Il vescovo di Berlino Heiner Koch ha dichiarato in una sua lettera ai fedeli che non sanzionerà quanti, nella sua diocesi, benediranno le coppie di fatto eterosessuali o omosessuali, secondo quanto stabilito dal Sinodaler Weg tedesco appena concluso. Scrive che, dopo la conclusione del sinodo tedesco, nella sua diocesi è iniziata una grande discussione di cui egli stesso riassume gli argomenti principali di chi è a favore e di chi è contrario alle benedizioni.
Dà quindi delle indicazioni pastorali secondo le quali ogni sacerdote o diacono potrà scegliere cosa fare e non saranno prese nei suoi confronti disposizioni disciplinari, ogni decisione dovrà essere rispettata da tutti, non si dovranno adoperare le benedizioni per fini politici o mediatici, il vescovo comunque non presiederà tali benedizioni fino a che rimane in vigore il Responsum della Dottrina della fede 2021 che le vieta. Monsignor Koch dice di aver fondato queste sue decisioni su Amoris laetitia di papa Francesco, riconosce che ci sono «ragioni a favore e contro la benedizione delle coppie che si amano ma non vogliono o non possono sposarsi sacramentalmente», incoraggia «a decidere in modo responsabile» e aggiunge di sperare di «riuscire a preservare l’unità nella diversità».
L’unità della Chiesa di Berlino viene considerata qui una unità nelle opinioni, non una unità nella verità.

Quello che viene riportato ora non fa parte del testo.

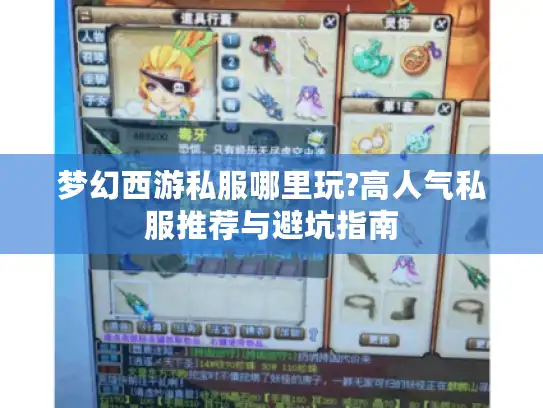 梦幻西游私服哪里玩?高人气私服推荐与避坑指南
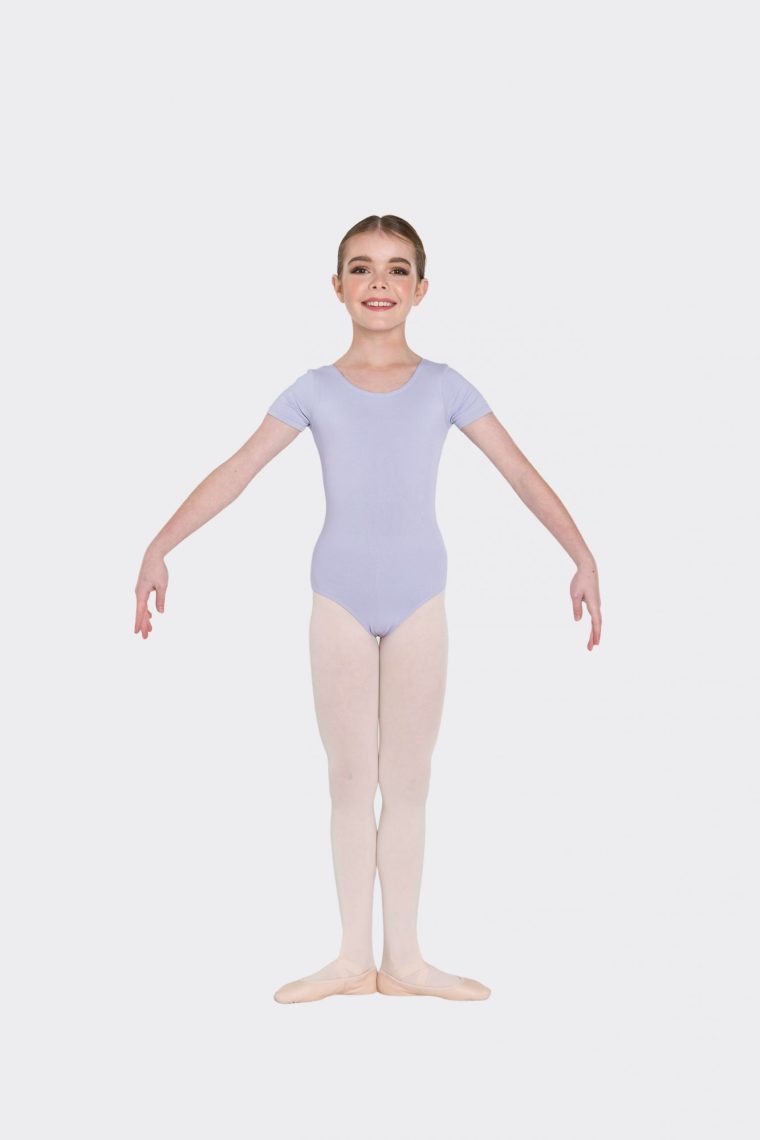 short sleeve leotard lilac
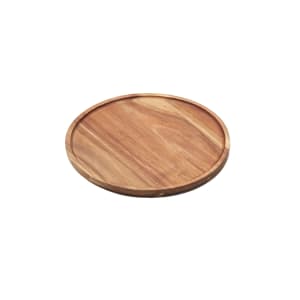166-ATP10 10" Round Serving Board - Acacia Wood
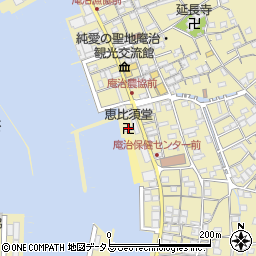 恵比須堂周辺の地図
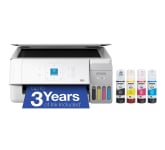 Epson EcoTank ET-2900 Wireless All-in-One Color Supertank Printer in White - C11CL63202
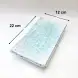 #BY-0501C; Ceramic rectangular plate 8.5 inches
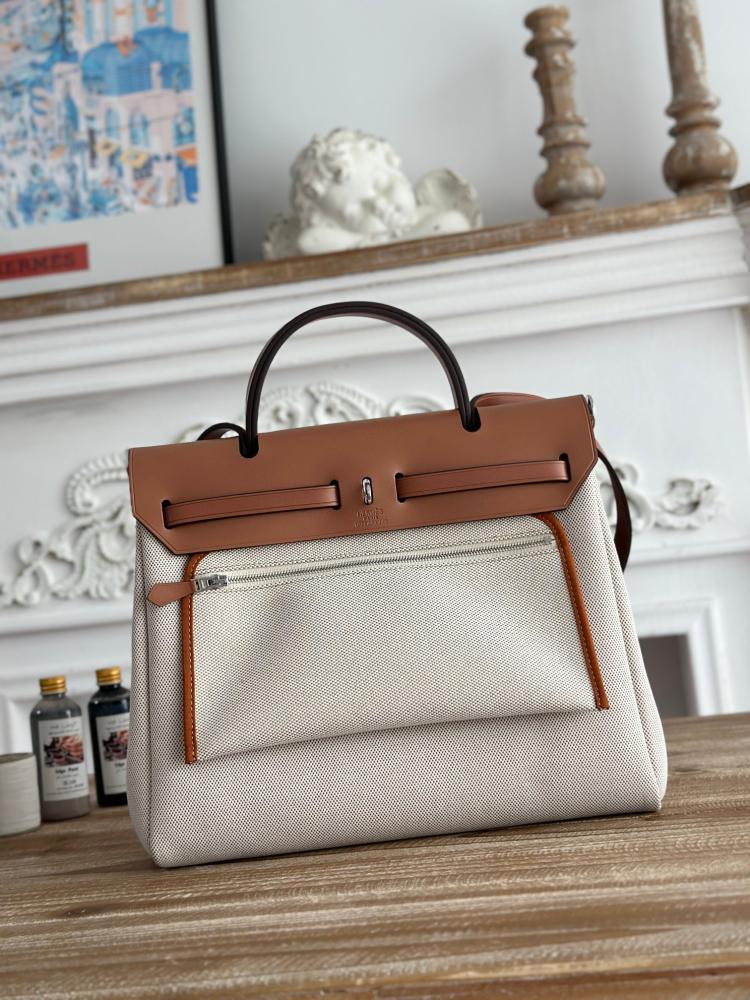 Hermes Herbag Zip 31 (Printed & Patterned Canvas Edition)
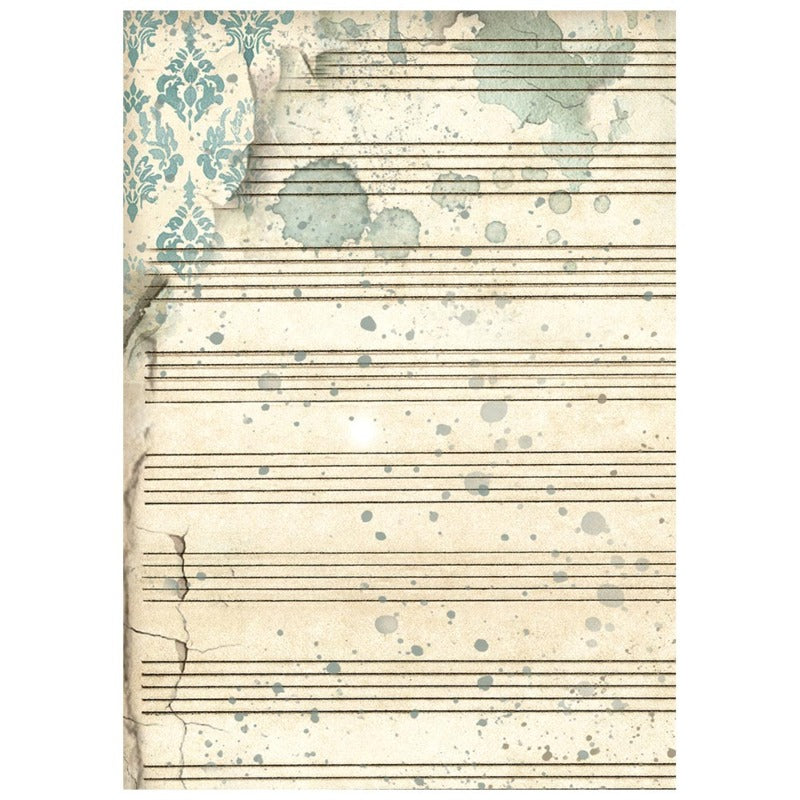 Stamperia A6 Rice Paper Backgrounds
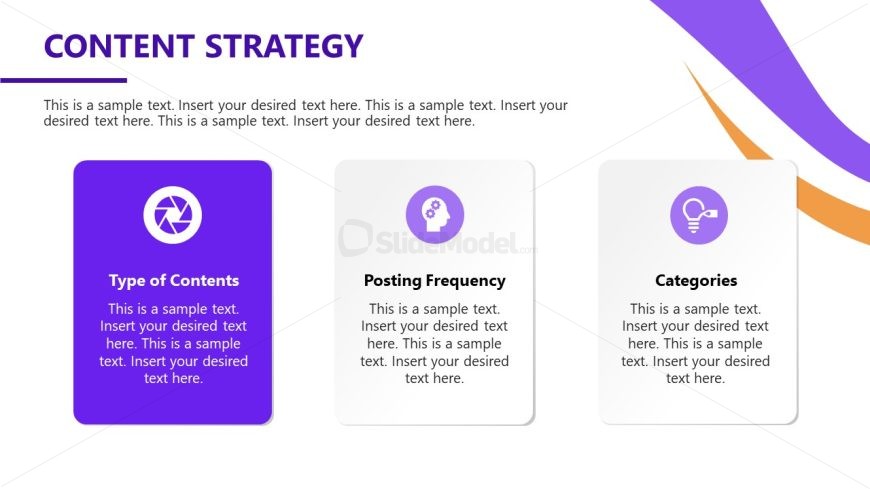 Social Media Marketing Template for Presentation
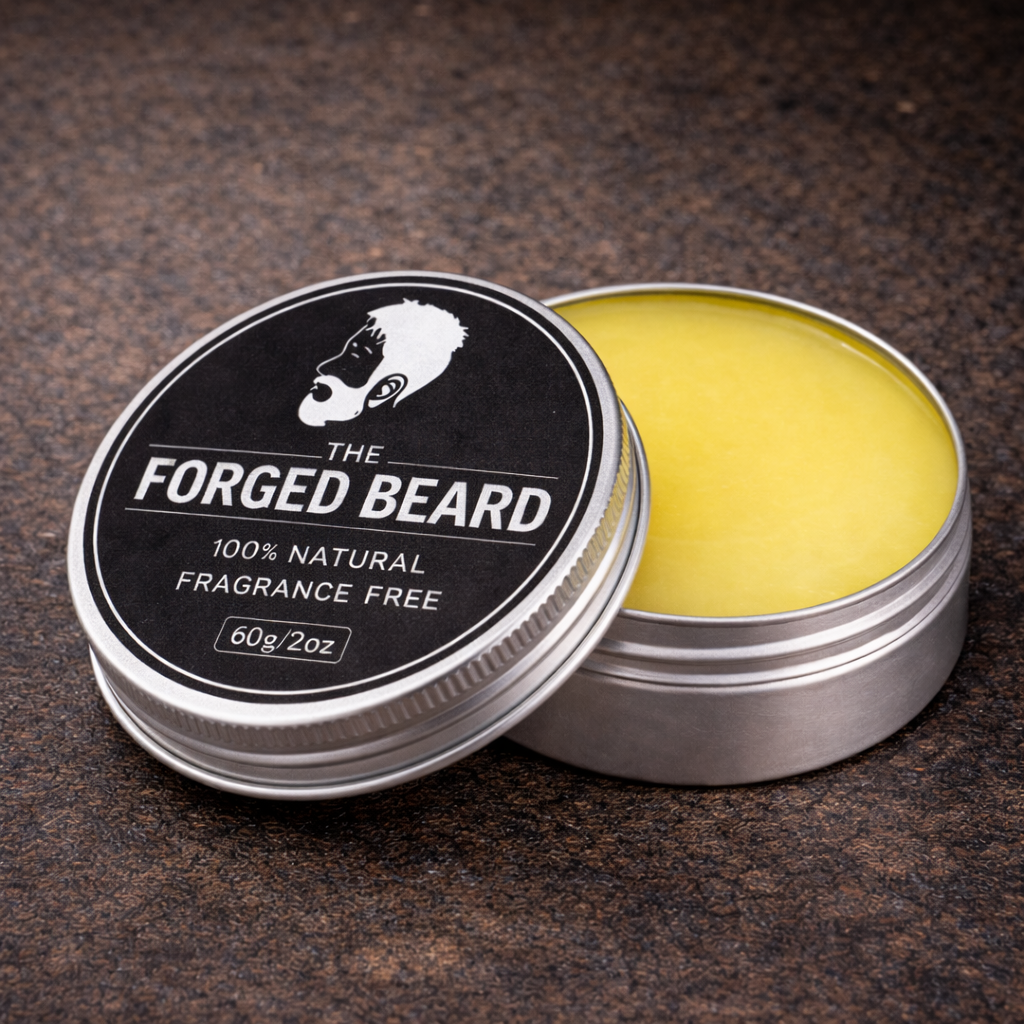 Natural Beard Balm 60g – Conditioning, Styling & Moisturising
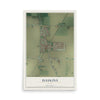 Map of Haskins, Ohio, 12 x 18 inch unframed archival matte print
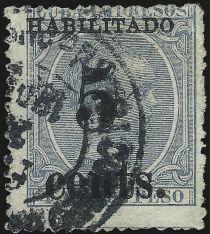 King Alfonso XIII, Habilitado surcharge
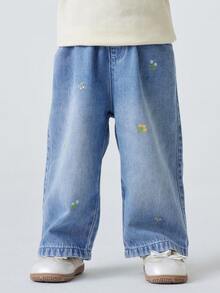 Quần jean denim thoáng khí không phai màu dành cho bé gái, bộ sưu tập mùa xuân mới. - Denim màu xanh nhạt - Xem 1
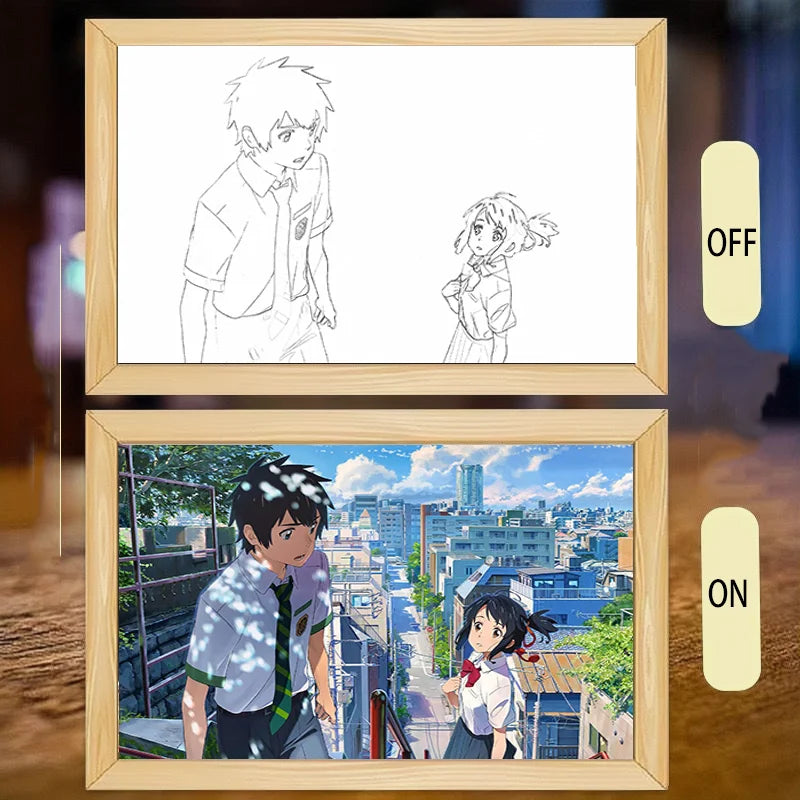Your Name LED Night Light Painting Frame YN-2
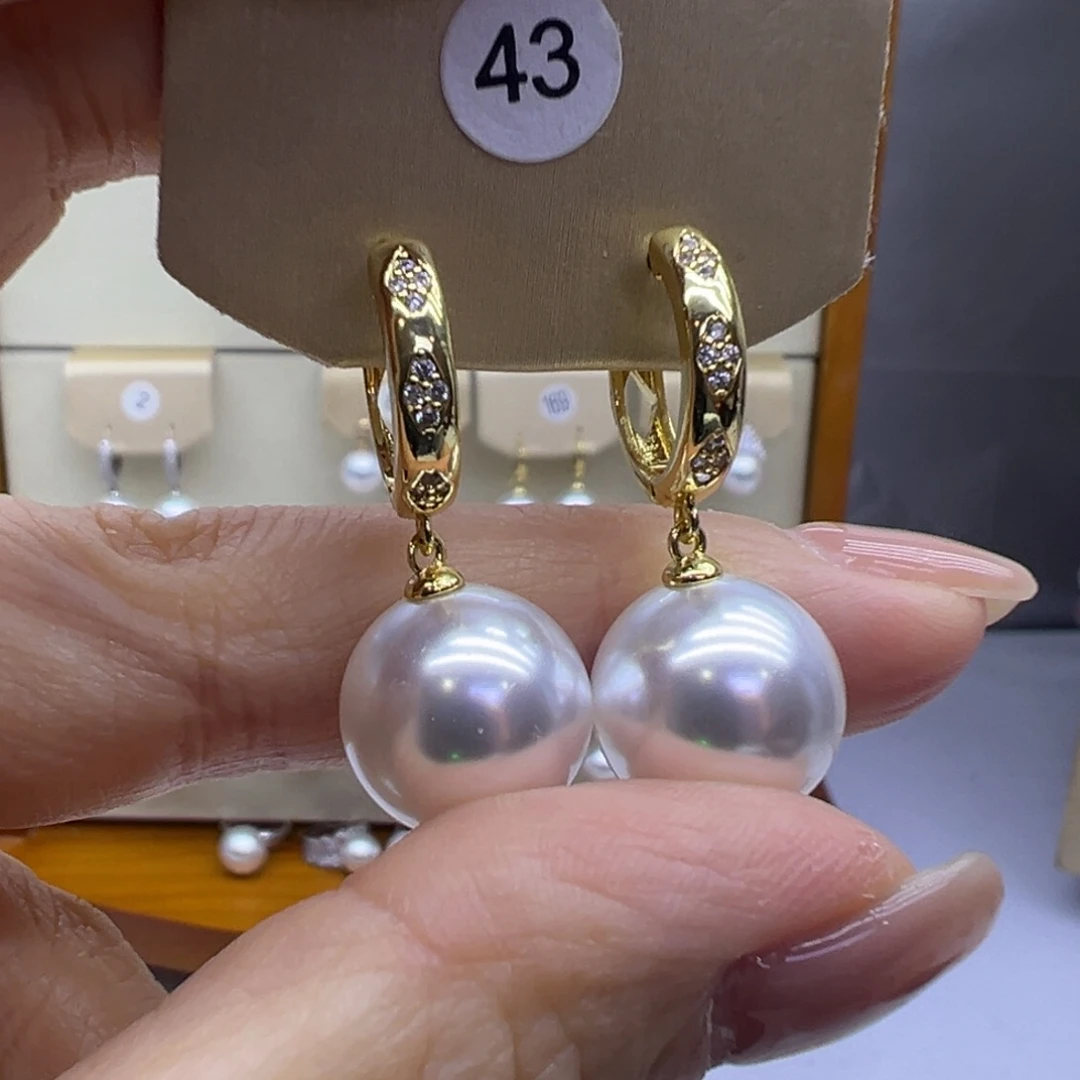 耳饰未镶嵌淡水珍珠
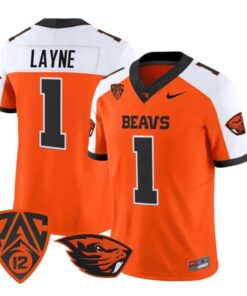 Dylan Layne Jersey #1 Oregon State Beavers 2026 Vapor All Stitched 8 Dylan Layne Jersey #1 Oregon State Beavers 2026 Vapor All Stitched by My Store NCAA Football Jerseys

Se il “pubblico” dibattito in seno alla diocesi dopo le decisioni del Weg avesse concluso per la benedizione, il vescovo non avrebbe riscontrato nessuna minaccia per l’unità e non ci sarebbe stato problema: tutti d’accordo, lo Spirito ha parlato. La lettera nasce allora non dalla constatazione che sia stata violata qualche verità naturale o di fede e dalla paura che questo minacci l’unità della Chiesa di Berlino, ma dalla constatazione dell’esistenza di “ragioni a favore e contro”. Ci si chiede però se il vescovo non dovrebbe ragionare diversamente e proclamare la verità che, sola, può garantire la vera unità della Chiesa e non di una generica “opinione pubblica cattolica”. In pratica monsignor Koch se ne tira fuori.
Il vescovo Koch, da amministratore della succursale di Berlino di una multinazionale, non avendo indicazioni chiare dagli uffici centrali e notando diversità di opinioni tra i propri lavoratori, se ne tira fuori, attendendo ordini superiori (che non verranno), e lascia libertà operativa, limitandosi a chiedere rispetto delle varie opinioni e facendo consistere l’unità della succursale in questo bon ton borghese
Il rimando ad Amoris laetitia per i fondamenti di questa decisione è molto indicativo. Anche l’Esortazione apostolica di Francesco, per quanto riguarda l’ammissione dei divorziati alla Santa Comunione, alla fine non decideva e rimetteva tutto alla coscienza. Il principio “ognun per sé” è però una finzione perché la prassi viene di fatto spinta in una sola direzione. Che di divorziati conviventi more uxorio possano accedere alla comunione è una prassi ormai acquisita, anche se Amoris laetitia dava libertà di coscienza in materia. Anche la benedizione delle coppie omosessuali diventerà di fatto usuale nella Chiesa di Berlino di Mons. Koch. Lasciare la libertà di coscienza su fatti così fondamentali, come ha fatto lui, in pratica significa aprire ed essere corresponsabili di queste aperture. Francesco è il primo a lasciar fare e, lasciando fare, a indirizzare la prassi in un certo senso.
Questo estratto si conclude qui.